Suite API

Vidscraper defines a simple API for “Suites”, classes which provide the functionality necessary for scraping video information from a specific video service.

The Suite Registry

vidscraper.suites.registry = <vidscraper.suites.base.SuiteRegistry object at 0x1efecd0>

An instance of SuiteRegistry which is used by vidscraper to track registered suites.

class vidscraper.suites.base.SuiteRegistry

A registry of suites. Suites may be registered, unregistered, and iterated over.

register(suite)

Registers a suite if it is not already registered.

register_fallback(suite)

Registers a fallback suite, which used only if no other suite succeeds. If no fallback is registered, then CantIdentifyUrl will be raised for unknown videos/feeds.

suite_for_feed_url(url)

Returns the first registered suite which can handle the url as a feed or raises CantIdentifyUrl if no such suite is found.

suite_for_video_url(url)

Returns the first registered suite which can handle the url as a video or raises CantIdentifyUrl if no such suite is found.

suites

Returns a tuple of registered suites.

unregister(suite)

Unregisters a suite if it is registered.

Built-in Suites

class vidscraper.suites.BaseSuite

This is a base class for suites, demonstrating the API which is expected when interacting with suites. It is not suitable for actual use; some vital methods must be defined on a suite-by-suite basis.

api_fields = set([])

A set of Video fields that this suite can supply optimization.

apply_video_data(video, data)

Stores values from a data dictionary on the corresponding attributes of a Video instance.

available_fields

Returns a set of all of the fields we could possible get from this suite.

feed_regex = None

A string or precompiled regular expression which will be matched against feed urls to check if they can be handled by this suite.

get_api_url(video)

Returns the url for fetching API data. May be implemented by subclasses if an API is available.

get_feed(url, **kwargs)

Returns a feed using this suite.

get_feed_description(feed, feed_response)

Returns a description of the feed based on the feed_response, or None if no description can be determined. By default, assumes that the response is a feedparser structure and returns a value based on that.

get_feed_entries(feed, feed_response)

Returns an iterable of feed entries for a feed_response as returned from get_feed_response(). By default, this assumes that the response is a feedparser structure and tries to return its entries.

get_feed_entry_count(feed, feed_response)

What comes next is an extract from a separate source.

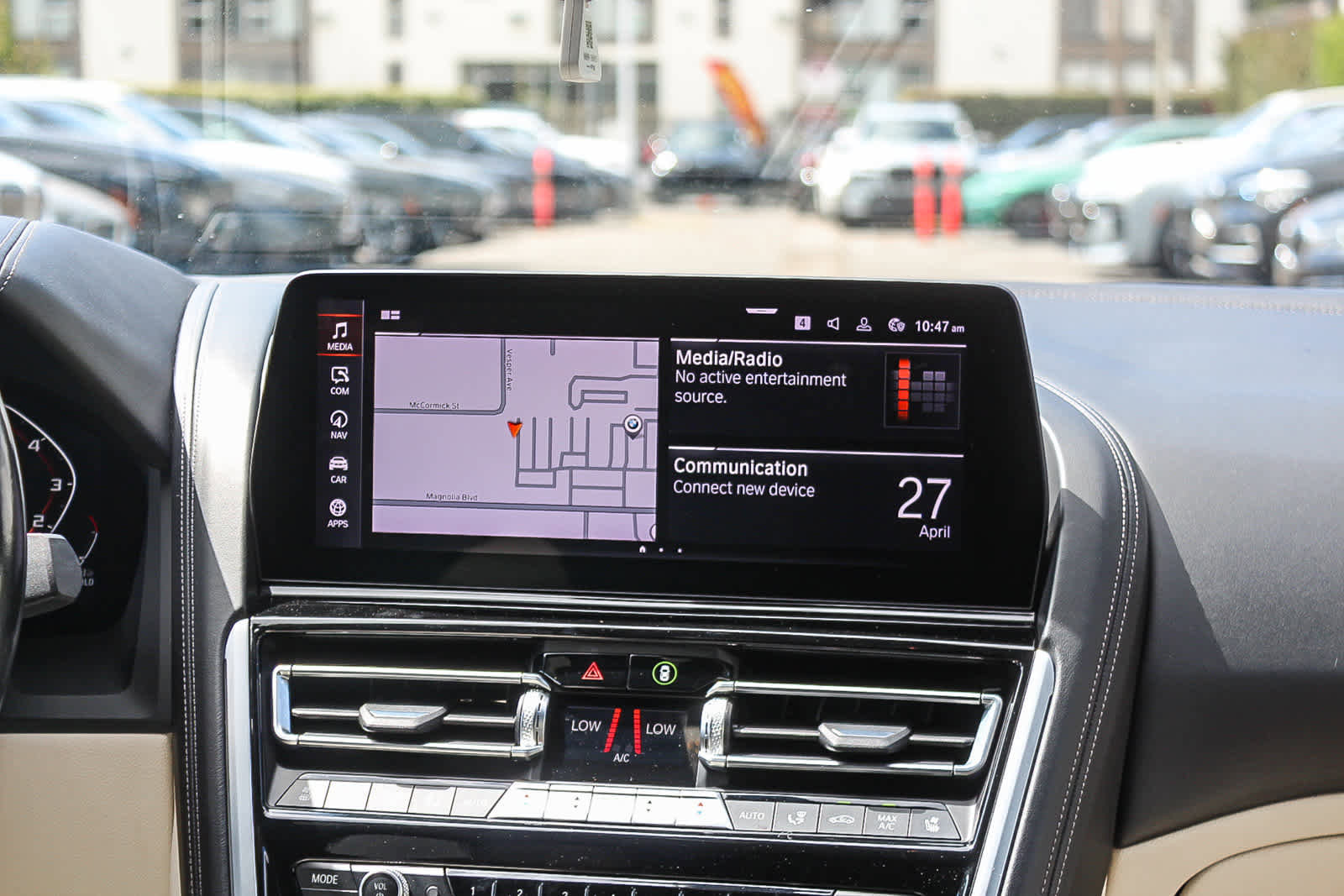 Certified 2023 BMW M850i Gran Coupe xDrive AWD/4WD image 14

Returns an estimate of the total number of entries in this feed, or None if that cannot be determined. By default, returns the number of entries in the feed.

get_feed_etag(feed, feed_response)

Returns the etag for a feed_response, or None if no such url can be determined. By default, assumes that the response is a feedparser structure and returns a value based on that.

get_feed_guid(feed, feed_response)

Returns the guid of the feed_response, or None if no guid can be determined. By default, assumes that the response is a feedparser structure and returns a value based on that.

get_feed_info_response(feed, response)

In case the response for the given feed needs to do other work on reponse to get feed information (title, &c), suites can override this method to do that work. By default, this method just returns the response it was given.

get_feed_last_modified(feed, feed_response)

Returns the last modification date for the feed_response as a python datetime, or None if no date can be determined. By default, assumes that the response is a feedparser structure and returns a value based on that.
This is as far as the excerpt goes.